Charge resistance is calculated the same way, but the voltage drop is referenced to the voltage just before the charge pulse [21]:

$${\mathit{Ri}}_{\mathit{charge},2s}=\frac{{U}_{6}-{U}_{5}}{{I}_{\mathit{charge}}}$$

$${\mathit{Ri}}_{\mathit{charge},10s}=\frac{{U}_{7}-{U}_{5}}{{I}_{\mathit{charge}}}$$

The measurement results are shown in Table 1. To generate a significant voltage drop, the VDA procedure applies a rather high current to cell. Due to this high current, significant amount of charge is either withdrawn from the cell or charged back into the cell by the measurement pulse.

A substantial increase of the calculated resistance is observed with increase of the pulse length. This is observed at the discharge pulse as well as at the charge pulse. This feigned increase of internal resistance is mainly caused by the voltage change due to the discharge or charge of the measuring pulse.

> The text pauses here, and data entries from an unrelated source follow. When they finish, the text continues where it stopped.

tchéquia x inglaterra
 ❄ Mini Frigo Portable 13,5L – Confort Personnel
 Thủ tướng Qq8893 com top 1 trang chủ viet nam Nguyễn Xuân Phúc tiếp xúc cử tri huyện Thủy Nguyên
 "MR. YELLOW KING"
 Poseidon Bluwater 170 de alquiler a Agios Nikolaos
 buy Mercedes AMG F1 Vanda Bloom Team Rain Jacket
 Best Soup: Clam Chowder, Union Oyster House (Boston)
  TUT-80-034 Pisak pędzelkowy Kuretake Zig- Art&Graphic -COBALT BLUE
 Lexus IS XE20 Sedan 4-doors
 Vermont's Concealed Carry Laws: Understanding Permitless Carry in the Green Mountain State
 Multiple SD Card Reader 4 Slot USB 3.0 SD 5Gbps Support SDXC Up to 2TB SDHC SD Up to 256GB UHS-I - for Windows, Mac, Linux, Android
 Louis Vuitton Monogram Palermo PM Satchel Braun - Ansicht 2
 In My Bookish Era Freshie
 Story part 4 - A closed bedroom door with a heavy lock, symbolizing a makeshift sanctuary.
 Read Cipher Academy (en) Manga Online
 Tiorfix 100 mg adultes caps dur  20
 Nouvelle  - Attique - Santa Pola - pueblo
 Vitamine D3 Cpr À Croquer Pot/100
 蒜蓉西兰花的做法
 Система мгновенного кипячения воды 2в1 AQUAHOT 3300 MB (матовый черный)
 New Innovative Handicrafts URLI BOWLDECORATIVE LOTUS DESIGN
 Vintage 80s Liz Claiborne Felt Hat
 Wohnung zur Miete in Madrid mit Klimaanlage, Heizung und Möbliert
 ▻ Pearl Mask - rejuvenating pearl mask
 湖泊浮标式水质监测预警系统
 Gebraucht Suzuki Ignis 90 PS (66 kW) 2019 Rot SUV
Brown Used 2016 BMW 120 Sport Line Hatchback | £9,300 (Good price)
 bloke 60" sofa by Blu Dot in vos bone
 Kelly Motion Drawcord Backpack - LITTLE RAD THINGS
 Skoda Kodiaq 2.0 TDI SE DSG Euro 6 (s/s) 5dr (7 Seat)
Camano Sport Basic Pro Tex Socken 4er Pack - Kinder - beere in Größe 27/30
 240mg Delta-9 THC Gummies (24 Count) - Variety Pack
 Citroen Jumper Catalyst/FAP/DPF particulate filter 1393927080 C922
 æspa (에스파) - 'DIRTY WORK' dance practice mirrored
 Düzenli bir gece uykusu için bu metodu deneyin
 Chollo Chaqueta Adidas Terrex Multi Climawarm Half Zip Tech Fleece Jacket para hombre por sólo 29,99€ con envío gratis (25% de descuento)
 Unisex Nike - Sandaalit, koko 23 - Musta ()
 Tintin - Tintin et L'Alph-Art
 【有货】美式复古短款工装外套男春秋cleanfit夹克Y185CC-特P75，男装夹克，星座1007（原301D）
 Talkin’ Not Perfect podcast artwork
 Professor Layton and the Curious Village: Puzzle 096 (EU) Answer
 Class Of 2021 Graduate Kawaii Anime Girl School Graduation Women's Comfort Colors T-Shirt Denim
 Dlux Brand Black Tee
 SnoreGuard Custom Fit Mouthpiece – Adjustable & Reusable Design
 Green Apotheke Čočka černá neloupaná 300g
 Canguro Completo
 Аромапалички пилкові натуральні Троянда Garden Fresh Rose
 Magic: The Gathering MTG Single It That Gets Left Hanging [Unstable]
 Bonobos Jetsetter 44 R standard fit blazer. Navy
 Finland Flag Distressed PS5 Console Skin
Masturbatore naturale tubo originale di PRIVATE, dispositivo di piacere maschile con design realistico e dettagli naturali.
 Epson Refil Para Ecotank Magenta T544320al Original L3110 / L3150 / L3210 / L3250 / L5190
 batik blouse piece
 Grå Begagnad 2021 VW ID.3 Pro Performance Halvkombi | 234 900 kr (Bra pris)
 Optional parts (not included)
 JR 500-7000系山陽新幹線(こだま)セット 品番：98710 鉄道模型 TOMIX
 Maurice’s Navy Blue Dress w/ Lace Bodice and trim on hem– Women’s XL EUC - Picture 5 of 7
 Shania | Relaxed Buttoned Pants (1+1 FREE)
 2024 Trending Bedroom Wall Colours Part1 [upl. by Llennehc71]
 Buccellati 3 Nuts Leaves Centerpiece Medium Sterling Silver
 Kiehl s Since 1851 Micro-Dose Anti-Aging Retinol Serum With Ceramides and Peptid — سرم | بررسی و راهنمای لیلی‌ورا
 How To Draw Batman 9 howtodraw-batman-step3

In Table 1 the amount of change of the SOC of the battery caused by the pulse is shown. Up to 10% of the battery’s capacity is discharged during the discharge pulse. Since pulse duration and current of the charge pulse are lower, only up to 4.6% of the battery’s capacity is charged during the charge pulse. However, by changes in that high amount of current a significant change of the voltage results. This is not only caused by internal resistance effects but also by changing the state of charge, therefore the resistance values calculated by these pulses are strongly falsified because of the battery’s changing state of charge. Though this effect is described in detail by Ratnakumar et al. [3], no hints for solving this problem were given.

Thus, to obtain meaningful values for internal resistance, the charge withdrawn from the battery should be reduced. Therefore the additional voltage drop introduced by SOC should be effectively eliminated. In principle, the voltage drop introduced by SOC change can be corrected if the OCV after the pulse is used for determining the voltage change introduced by the SOC change. To get a stable OCV a rest period of at least 15 minutes must be kept. To perform the experiment in a reasonable time, this can be achieved by two ways.

In the first way the current can be reduced, but if the amplitude of the pulse is reduced, the voltage response is also reduced. Since the internal resistance is calculated by the difference of two voltages, a strong increase of measurement uncertainty will result.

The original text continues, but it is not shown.